Later that night, as Zirkind was travelling east along Hwy. 401 back toward Montreal, he was stopped by the OPP for speeding. Following a search of his car, he was arrested for possession of property obtained by crime.
Police found over $1 million in cash in a number of bags, including $250,170 in the red-and-white duffle. The bags, the money, and several surfaces in the car, including the glove compartment, driver’s control surfaces, back seat and trunk, tested positive for cocaine.
According to the agreed statement of facts, the money in the Yorkdale duffle bag did come from cocaine trafficking. But Zirkind insisted he didn’t know at the time that he was transporting proceeds of crime.
Here’s where the novel defence comes in: He claimed he was a courier of “Shoah Gelt” — Shoah is the Hebrew word for the Holocaust and gelt is the Yiddish term for money. At his trial, Zirkind testified that he’d been approached by a stranger named “Avrum Reish” to move money to safekeeping in Montreal for Jews in Europe or Asia worried about a second Holocaust.
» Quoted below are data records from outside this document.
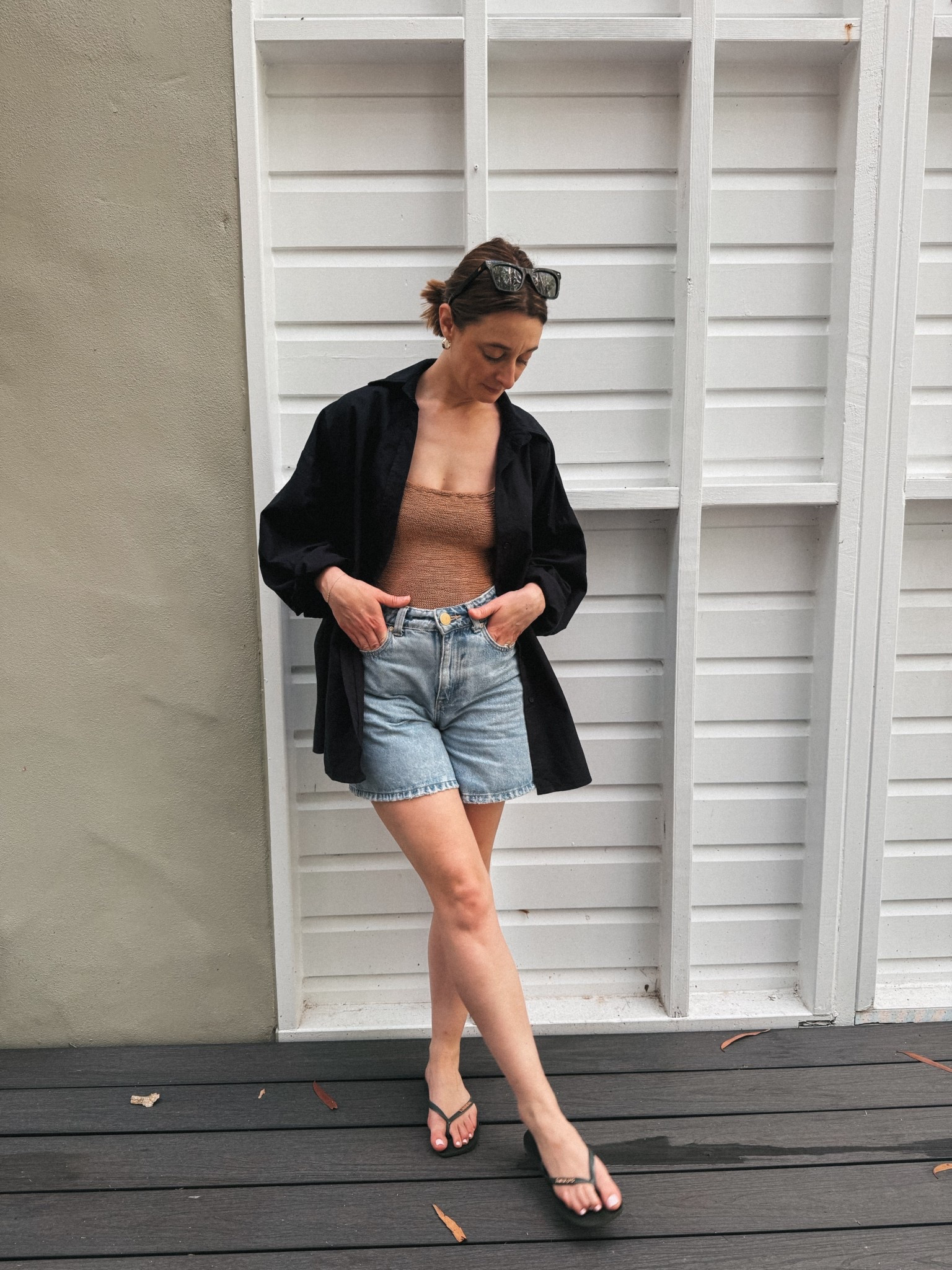 Holiday Looks 
Shorts - Ceres Life. Old. Wearing a size 8 
One piece - Hunza G One size 
Shirt - Dissh. Wearing a size 8. Very oversized, could size down 1/2 sizes. 
Shoes - Havianas - tts 

#LTKaustralia #LTKFashionMonth #LTKspring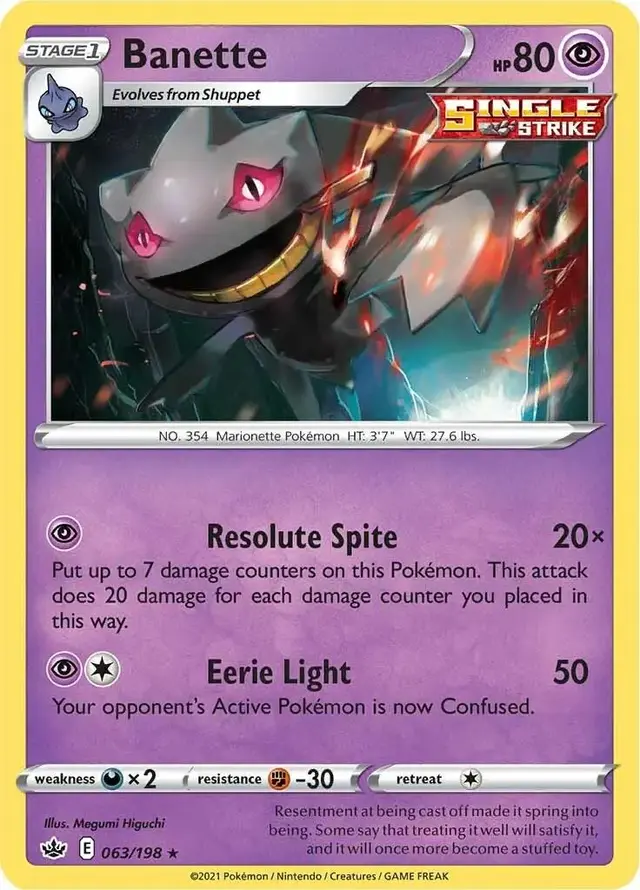 Banette - Pokemon Chilling Reign #63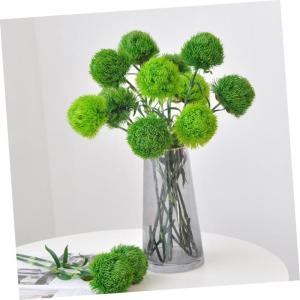 2St Grünpflanzen pflücken Kunstpflanzen Künstliche Topiary-Kugelpflanze Formschnittkugel für den Garten zimmerpflanzen Zweige für Vase künstliche grüne Blätter Weich-PVC Gr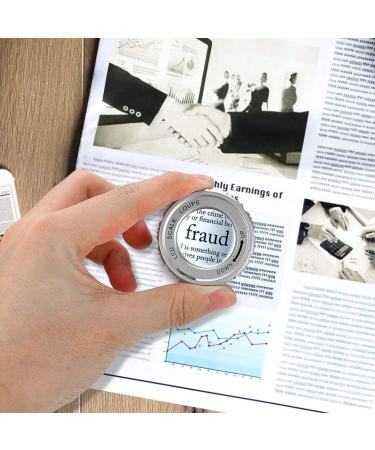 Intsun 30X Jewelers Loupe Magnifier with 6 LED Light Interchangeable Reticle Scale Illuminated Adjustable Focal Length Magnifying Glass for Textile Optical Embroidery Circuit Board Coins etc - Buy Online on GoSupps.com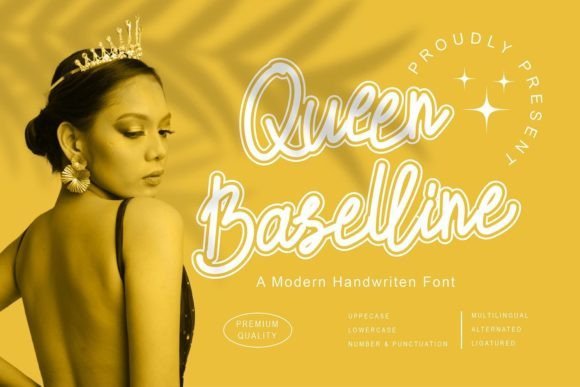 Queen Baselline Font - Featured Image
He told the court he was honoured to do so, “describing the task as a great ‘mitzvah’ or commandment from God.”
Zirkind testified that he drove the money from Toronto to Montreal on three or four prior occasions and never flew because he feared the cash would be discovered or lost. He said the people who handed over the money didn’t appear to be Jewish while those who received it in Montreal seemed to be orthodox Jews.
There were a number of reasons to be skeptical about his fanciful story.
The agreed statement of facts said Zirkind’s average declared annual income was $34,912. But between 2009 and February 2014, he’d made over $2 million in payments to his various credit cards.
Under cross-examination, Zirkind admitted he’d never asked how the money he was transporting came into Canada or where it ended up. He also claimed not to have a way of contacting Avrum and hadn’t heard from him since his arrest.
Superior Court Justice Todd Ducharme didn’t believe a word of it.